First step is to identify the perfect gate design. This will usually be something that matches or compliments the style of your house and doesn’t clash too much with neighbouring properties. If you’ve chosen to live in a modern house, you probably want modern gates. More traditional gates would also clash with a modern house but modern gates would not look right in front of a cottage.
Gate design is also affected by what the gates are made from. This includes iron or steel, wood or aluminium. Iron and steel gates tend to be ornate with thinner vertical and horizontal elements in an open boarded design.
Wooden gates are often full boarded but wood is perfect for creating many design styles. It is often used in rustic gates but very modern gates can also be made from wood.
Aluminium can now be made to look remarkably like either iron or wooden gates.
Wooden gates can be supplied with a clear treatment or stain that preserves the natural grain of the wood and offers a degree of protection against the elements. Alternatively, they can be painted a suitable colour to match or compliment your house, existing fencing or outbuildings.
Iron and steel gates are traditionally finished in darker colours and many are coated with specialist rust-preventing paints.
Aluminium gates are coated with a strong coating that is bonded to the gate surface. This layer provides the colour or wood-effect or steel-effect finish.

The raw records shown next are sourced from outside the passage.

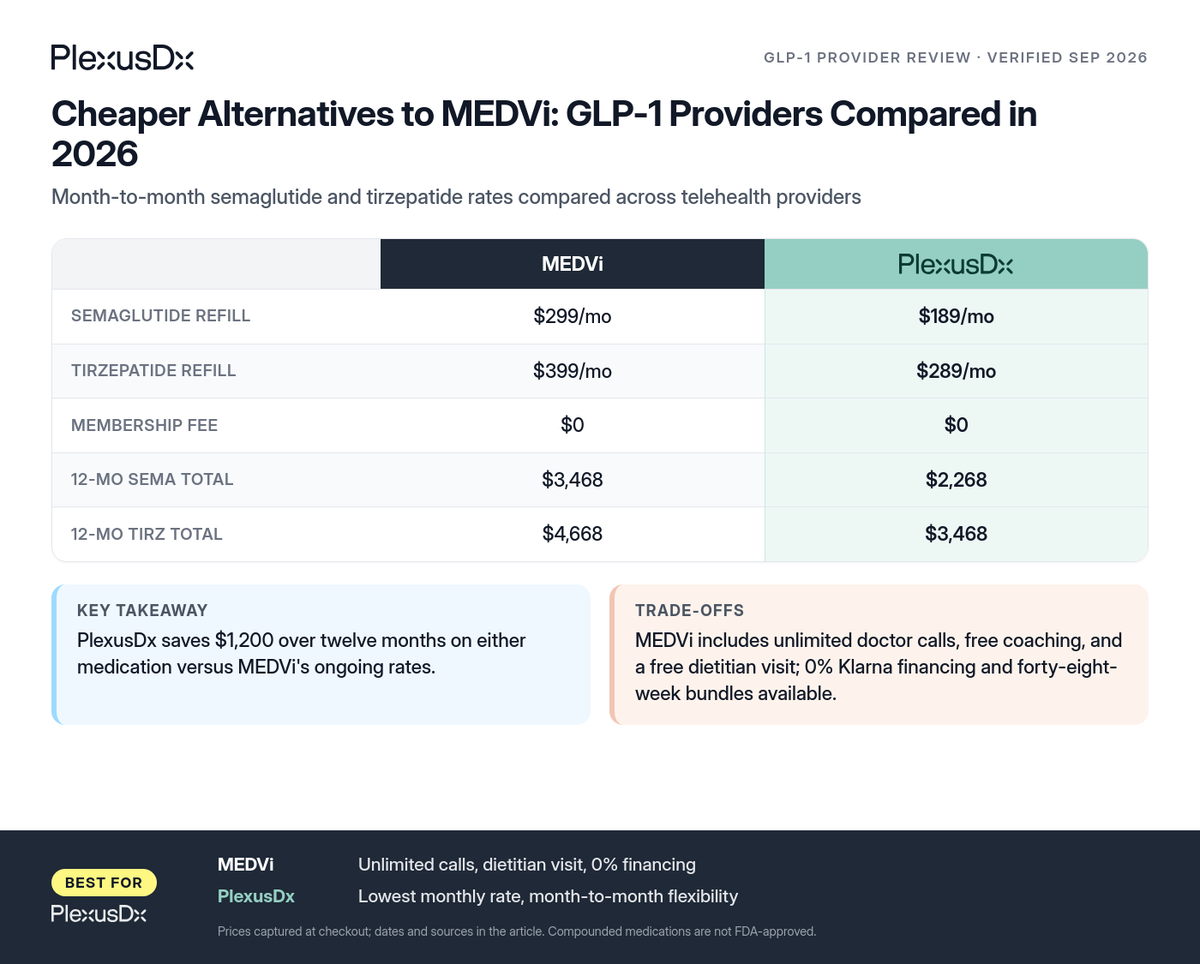 Comparison infographic: Cheaper Alternatives to MEDVi: GLP-1 Providers Compared in 2026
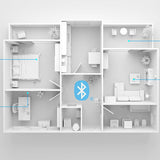 Stock Xiaomi Mijia Smart Led downlight & Mesh Version Controlled By Voice Remote Control Adjust Color temperature Smart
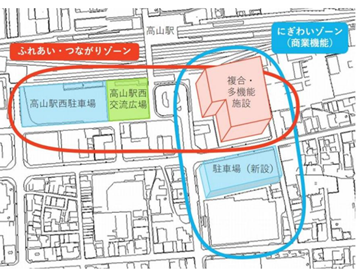 高山駅西地区複合・多機能施設整備等事業者選定支援業務委託（０６総合第２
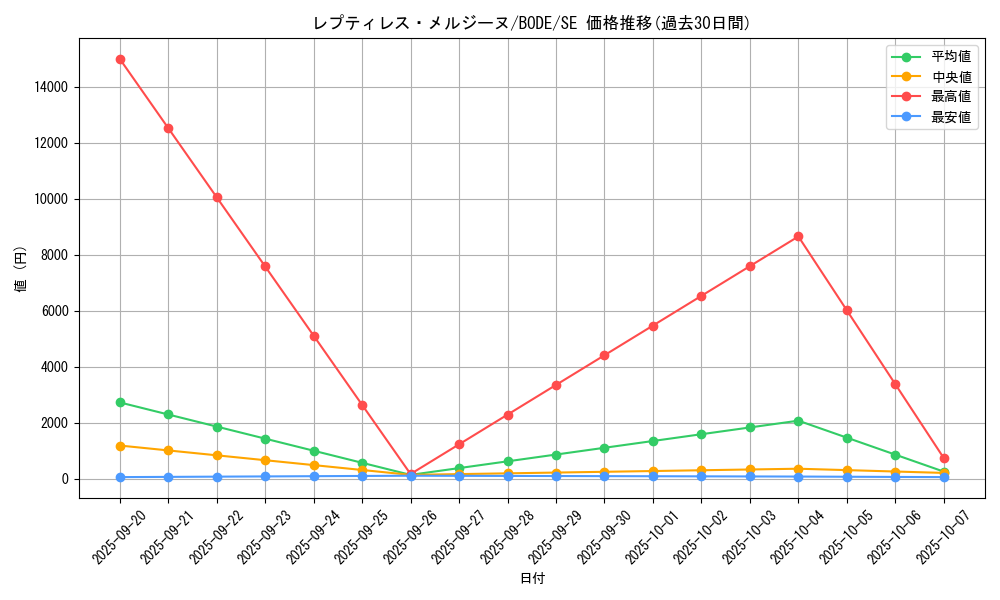 card_2440_series_5224_rarity_5_graph
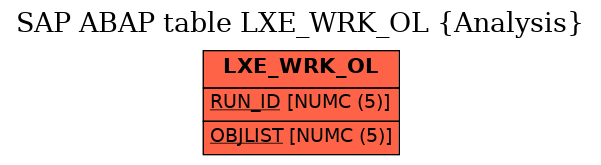 E-R Diagram for table LXE_WRK_OL (Analysis)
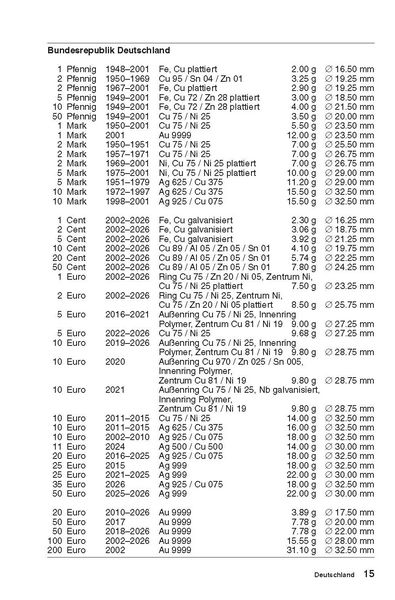 Produktbild: Kleiner deutscher M&uuml;nzkatalog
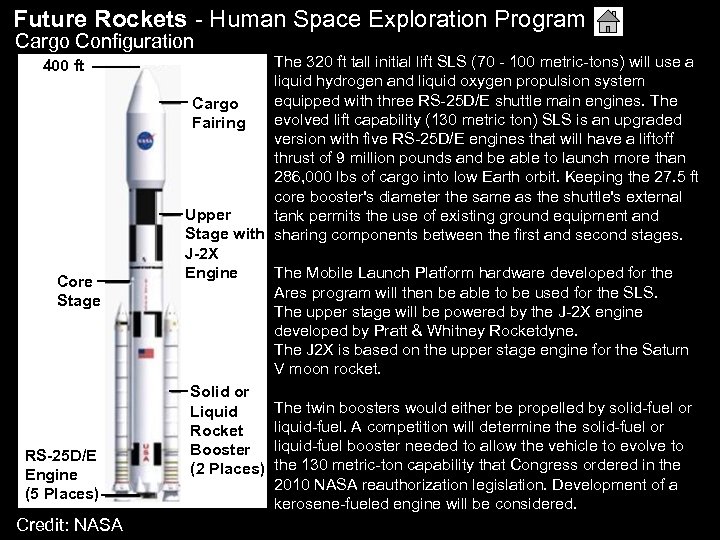 Future Rockets - Human Space Exploration Program Cargo Configuration 400 ft Core Stage RS-25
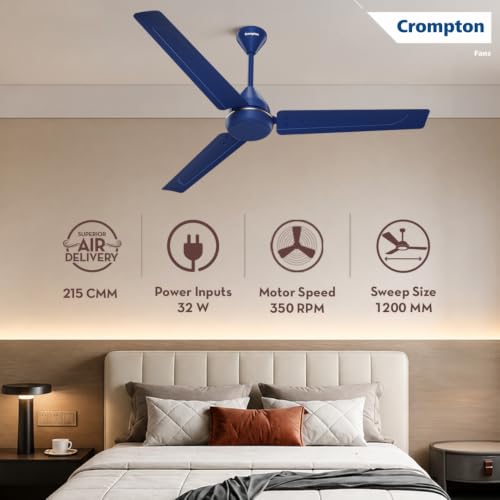 Image of Crompton Energion Hyperboost 1200mm BLDC Ceiling Fan | Point Anywhere Remote Control | BEE 5 Star Rated Energy Efficient | Superior Air Delivery | 3 Year Brand Warranty | Matte Mettalic Blue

In all cases, the choices of colour are practically endless but only aluminium gates and wooden gates themselves provide a wood-grain finish.
Once a rough idea of basic design has been arrived at, where the gates will spend their working lives can be considered.
Open or close boarded
Gates can be made without gaps (close boarded) or with open sections (open boarded). As a gate is subject to the forces of moving air on its surface, larger gates and gates installed in exposed, windy locations can benefit significantly from a degree of open boarded design. This allows some of the air acting on their surface to pass straight through the gate instead of resisting or reinforcing the gate’s normal opening and closing movements.
Gates are exposed to the weather so they get wet and dry out and get wet again. Wood can suffer when wet, as it soaks up water and expands and gets heavier. Over a period of time, wet wood also starts to rot. In drier times, wet wood slowly dries, contracts and becomes lighter. It will eventually develop cracks and larger splits. Regular treatment of wood can slow down this process but it will happen eventually.
Iron rusts when it is exposed to water and air. Again, surface treatment will help delay the process but rust is hard to eliminate.
Aluminium is highly resistant to the damaging combination of water and air. Aluminium are also usually covered with a tough coating that incorporates the colour or wood-effect design chose for your gates.
All swing gates are hung on posts with hinges and sliding gates move along tracks on rollers. But they can also be automated so that they open and close at the touch of a button. This can be from inside your car as you leave or return home, or inside your house using an intercom system connected to a call panel outside the gates. Nowadays, you can even use your mobile phone with access control systems that will open or close your gates from anywhere in the world.
Swing gates can be automated with a variety of motors which are either visibly mounted on the gate and adjacent gate pillar or installed underground for more discrete gate automation. Sliding gate motors all mount on the ground next to the gate a use a cog meshed with a rack mounted on the gate to slide the gate open and closed.
Final considerations for the perfect gates include locks and gate furniture including hinges, letterboxes and gate stays. You could include cat flaps, lights and even cut-outs depending on what makes your perfect choice of gates.